Pope John Paul, calling himself a sick man among the sick, arrived in the world's premier Roman Catholic "miracle shrine" on Saturday and urged society not to cast aside the old and the suffering.
The 84-year-old Pope, racked by Parkinson's disease and arthritis, began a 32-hour trip to the south-western French city where the Madonna is said to have appeared to the peasant girl Bernadette Soubirous in 1858.
His frailty was evident in his airport arrival address to President Jacques Chirac, which he read slowly, and later at the famous grotto where the visions are said to have taken place.
Aides had rested him on a kneeler to pray but he lost his balance and they had to rush up to prevent him from falling and seated him back on his wheeled throne.

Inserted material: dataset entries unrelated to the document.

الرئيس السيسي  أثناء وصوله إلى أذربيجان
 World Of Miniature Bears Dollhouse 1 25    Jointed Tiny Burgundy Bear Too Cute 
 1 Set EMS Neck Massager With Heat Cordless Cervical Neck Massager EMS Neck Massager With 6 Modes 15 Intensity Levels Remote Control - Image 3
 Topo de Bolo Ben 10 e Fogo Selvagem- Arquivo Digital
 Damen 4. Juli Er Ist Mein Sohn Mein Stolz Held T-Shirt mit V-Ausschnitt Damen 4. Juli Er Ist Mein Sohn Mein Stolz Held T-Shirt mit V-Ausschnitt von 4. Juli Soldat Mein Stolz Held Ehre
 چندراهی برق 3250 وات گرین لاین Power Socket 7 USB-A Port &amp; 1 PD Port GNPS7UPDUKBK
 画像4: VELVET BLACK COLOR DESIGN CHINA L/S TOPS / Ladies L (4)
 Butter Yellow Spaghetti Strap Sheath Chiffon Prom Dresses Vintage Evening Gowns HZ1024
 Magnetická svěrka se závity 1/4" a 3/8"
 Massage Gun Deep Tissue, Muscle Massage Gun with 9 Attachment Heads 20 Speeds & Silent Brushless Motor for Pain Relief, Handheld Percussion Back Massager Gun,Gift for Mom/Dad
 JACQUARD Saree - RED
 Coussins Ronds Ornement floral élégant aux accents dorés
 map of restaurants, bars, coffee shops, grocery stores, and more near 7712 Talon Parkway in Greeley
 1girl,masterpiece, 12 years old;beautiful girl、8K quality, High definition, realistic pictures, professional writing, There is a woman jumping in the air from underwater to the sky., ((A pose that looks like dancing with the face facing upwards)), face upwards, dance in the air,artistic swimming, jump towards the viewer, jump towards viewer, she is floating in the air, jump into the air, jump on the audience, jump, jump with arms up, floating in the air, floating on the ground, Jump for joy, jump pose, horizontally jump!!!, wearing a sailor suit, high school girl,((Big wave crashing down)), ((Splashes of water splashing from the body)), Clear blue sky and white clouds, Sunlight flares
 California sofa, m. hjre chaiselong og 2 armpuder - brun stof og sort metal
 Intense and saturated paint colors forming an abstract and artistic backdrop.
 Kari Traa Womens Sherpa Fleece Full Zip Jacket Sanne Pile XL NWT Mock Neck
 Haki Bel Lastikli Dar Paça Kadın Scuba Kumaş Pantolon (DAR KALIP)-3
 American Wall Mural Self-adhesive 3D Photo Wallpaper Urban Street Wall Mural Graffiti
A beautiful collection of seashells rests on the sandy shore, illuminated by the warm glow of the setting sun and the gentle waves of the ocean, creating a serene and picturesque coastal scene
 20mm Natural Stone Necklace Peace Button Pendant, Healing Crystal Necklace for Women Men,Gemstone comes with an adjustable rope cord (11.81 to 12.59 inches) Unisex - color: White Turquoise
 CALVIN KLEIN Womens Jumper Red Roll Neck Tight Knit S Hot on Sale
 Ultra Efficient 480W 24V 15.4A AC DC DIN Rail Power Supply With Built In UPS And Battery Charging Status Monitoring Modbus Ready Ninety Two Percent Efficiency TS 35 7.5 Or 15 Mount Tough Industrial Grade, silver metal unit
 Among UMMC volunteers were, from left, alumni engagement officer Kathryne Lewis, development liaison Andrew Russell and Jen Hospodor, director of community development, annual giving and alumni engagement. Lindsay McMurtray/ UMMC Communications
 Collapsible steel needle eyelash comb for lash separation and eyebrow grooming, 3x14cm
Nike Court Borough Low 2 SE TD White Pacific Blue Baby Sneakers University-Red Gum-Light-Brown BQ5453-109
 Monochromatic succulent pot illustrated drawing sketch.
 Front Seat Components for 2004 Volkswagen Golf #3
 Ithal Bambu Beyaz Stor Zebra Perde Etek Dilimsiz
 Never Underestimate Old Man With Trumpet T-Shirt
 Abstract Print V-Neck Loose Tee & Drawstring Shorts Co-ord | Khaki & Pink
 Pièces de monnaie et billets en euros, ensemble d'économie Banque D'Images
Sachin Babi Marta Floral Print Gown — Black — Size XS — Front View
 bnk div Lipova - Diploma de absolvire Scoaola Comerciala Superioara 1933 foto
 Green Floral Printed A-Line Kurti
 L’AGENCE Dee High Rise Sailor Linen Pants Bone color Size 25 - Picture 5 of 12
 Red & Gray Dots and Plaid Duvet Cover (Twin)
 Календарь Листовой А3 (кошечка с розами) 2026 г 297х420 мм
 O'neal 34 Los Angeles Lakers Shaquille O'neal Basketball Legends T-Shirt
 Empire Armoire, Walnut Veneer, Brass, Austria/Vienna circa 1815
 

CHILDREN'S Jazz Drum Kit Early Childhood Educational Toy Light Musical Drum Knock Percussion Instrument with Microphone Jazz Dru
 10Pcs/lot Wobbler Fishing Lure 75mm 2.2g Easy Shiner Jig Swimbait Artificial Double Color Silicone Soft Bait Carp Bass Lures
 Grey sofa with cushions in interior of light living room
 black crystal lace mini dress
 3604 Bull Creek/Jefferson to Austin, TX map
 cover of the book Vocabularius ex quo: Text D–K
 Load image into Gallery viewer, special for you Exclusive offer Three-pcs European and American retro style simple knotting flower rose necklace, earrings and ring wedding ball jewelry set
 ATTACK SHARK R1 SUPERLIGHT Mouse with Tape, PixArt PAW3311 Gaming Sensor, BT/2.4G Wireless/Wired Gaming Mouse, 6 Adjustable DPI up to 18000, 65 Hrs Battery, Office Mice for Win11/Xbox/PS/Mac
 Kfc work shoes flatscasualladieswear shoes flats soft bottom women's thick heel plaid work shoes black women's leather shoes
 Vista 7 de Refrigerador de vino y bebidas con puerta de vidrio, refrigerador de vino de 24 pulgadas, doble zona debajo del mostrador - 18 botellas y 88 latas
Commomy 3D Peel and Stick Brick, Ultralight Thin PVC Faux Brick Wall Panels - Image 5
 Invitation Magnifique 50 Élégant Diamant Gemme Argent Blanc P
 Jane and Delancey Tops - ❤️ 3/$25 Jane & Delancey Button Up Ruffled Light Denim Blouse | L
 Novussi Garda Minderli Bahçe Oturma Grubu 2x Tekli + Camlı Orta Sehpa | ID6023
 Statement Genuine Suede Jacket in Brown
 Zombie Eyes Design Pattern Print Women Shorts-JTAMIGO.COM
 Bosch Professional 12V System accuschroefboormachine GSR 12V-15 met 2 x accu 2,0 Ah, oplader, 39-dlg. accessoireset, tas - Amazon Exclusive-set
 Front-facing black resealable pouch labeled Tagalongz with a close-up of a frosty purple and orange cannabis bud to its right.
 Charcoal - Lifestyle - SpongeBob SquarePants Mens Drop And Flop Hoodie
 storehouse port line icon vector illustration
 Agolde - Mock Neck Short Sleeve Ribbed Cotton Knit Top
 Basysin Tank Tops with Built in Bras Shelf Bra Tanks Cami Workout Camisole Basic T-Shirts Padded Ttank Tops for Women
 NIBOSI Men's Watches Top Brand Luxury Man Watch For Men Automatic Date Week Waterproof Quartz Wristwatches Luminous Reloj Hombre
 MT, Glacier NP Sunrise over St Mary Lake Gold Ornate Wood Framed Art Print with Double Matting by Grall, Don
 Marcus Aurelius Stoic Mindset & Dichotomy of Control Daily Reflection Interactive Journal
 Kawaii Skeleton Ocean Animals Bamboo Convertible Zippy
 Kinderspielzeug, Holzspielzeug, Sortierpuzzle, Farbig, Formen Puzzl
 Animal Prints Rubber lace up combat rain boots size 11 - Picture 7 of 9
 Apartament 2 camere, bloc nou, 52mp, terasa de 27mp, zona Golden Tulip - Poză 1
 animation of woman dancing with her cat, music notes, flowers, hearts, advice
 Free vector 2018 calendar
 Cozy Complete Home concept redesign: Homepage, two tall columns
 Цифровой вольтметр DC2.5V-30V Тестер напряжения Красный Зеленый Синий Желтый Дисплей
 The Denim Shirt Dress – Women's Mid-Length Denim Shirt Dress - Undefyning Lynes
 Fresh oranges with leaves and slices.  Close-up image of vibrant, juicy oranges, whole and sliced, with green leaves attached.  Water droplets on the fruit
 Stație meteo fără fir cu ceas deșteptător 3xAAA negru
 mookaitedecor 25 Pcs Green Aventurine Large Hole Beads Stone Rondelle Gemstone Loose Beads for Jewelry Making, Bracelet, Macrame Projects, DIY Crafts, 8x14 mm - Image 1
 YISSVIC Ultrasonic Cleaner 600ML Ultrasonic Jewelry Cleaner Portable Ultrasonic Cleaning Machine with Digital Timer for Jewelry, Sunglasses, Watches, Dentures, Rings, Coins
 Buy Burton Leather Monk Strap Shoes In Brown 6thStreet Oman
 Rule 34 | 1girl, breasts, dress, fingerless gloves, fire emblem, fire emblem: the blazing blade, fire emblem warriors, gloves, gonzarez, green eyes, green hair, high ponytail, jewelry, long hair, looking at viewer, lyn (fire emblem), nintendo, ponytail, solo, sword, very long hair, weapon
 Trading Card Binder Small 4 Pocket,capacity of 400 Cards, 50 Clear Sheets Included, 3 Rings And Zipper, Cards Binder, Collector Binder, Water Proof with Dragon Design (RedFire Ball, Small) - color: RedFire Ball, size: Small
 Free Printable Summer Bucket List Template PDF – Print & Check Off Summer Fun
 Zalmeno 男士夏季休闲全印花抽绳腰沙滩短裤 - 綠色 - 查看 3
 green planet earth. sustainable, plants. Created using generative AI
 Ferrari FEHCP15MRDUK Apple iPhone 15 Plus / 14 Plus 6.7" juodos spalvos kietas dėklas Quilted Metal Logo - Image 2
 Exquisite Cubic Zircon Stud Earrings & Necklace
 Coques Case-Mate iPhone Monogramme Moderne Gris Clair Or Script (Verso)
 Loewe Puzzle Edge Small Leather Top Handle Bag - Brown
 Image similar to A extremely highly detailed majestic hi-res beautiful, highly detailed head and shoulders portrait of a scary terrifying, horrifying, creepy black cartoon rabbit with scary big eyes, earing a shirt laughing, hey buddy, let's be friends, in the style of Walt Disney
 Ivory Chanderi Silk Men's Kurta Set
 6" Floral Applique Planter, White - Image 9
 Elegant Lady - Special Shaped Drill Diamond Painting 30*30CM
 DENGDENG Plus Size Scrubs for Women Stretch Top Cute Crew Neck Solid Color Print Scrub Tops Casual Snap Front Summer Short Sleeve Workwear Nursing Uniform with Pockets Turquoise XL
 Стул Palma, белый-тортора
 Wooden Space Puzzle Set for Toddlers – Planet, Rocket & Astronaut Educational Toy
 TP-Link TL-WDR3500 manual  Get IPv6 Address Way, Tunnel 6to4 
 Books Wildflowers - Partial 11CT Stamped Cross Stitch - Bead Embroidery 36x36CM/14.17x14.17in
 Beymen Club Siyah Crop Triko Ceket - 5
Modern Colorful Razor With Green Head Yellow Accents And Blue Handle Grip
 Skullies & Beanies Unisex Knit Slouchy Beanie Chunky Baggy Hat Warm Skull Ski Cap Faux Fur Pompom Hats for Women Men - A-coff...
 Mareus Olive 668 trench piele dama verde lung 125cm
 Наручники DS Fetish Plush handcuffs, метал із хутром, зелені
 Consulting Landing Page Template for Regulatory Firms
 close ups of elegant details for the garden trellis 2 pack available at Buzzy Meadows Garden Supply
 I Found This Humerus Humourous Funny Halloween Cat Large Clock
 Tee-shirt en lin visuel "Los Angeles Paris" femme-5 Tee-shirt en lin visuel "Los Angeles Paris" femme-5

After several minutes of intense prayer, he designated a cardinal to read his address for him, even though it was only four paragraphs long.
"With you I share a time marked by physical suffering, yet not for that reason any less fruitful in God's wondrous plan," he said.
The Pope was then wheeled away for some rest before a planned return to the grotto in the evening for a candlelight procession around the shrine which some 6 million people visit each year, many of them sufferers who pray for miracle cures as they drink holy waters.
But aides say the Pope, who has often urged the sick to find meaning in suffering, has come to pray for others, not himself.
His programme focuses on the traditional Catholic devotion to the mother of Jesus Christ. He will conclude the 104th foreign trip of his pontificate on Sunday with an open-air mass expected to draw at least 300,000 people.
About 150,000 cheering pilgrims lined the route from the airport as church bells pealed. About 2,700 police were on hand, backed up by surveillance helicopters and a battery of anti-aircraft missiles.
The Pope took three sips of the holy water on Saturday.
The Church has recognised 66 cases of what it calls miraculous healings among the thousands of pilgrims who have said they left Lourdes free of their ailments.
In his address to Chirac, the Pope staked a claim for religion's role in modern life, while maintaining full respect for the separation of church and state.
"With respect for the responsibilities and competencies of all, the Catholic Church desires to offer society a specific contribution," he said.
His comments were a challenge to secular France, which this year barred state school pupils from wearing religious insignia and torpedoed Vatican efforts to have the European Union constitution mention the continent's Christian heritage.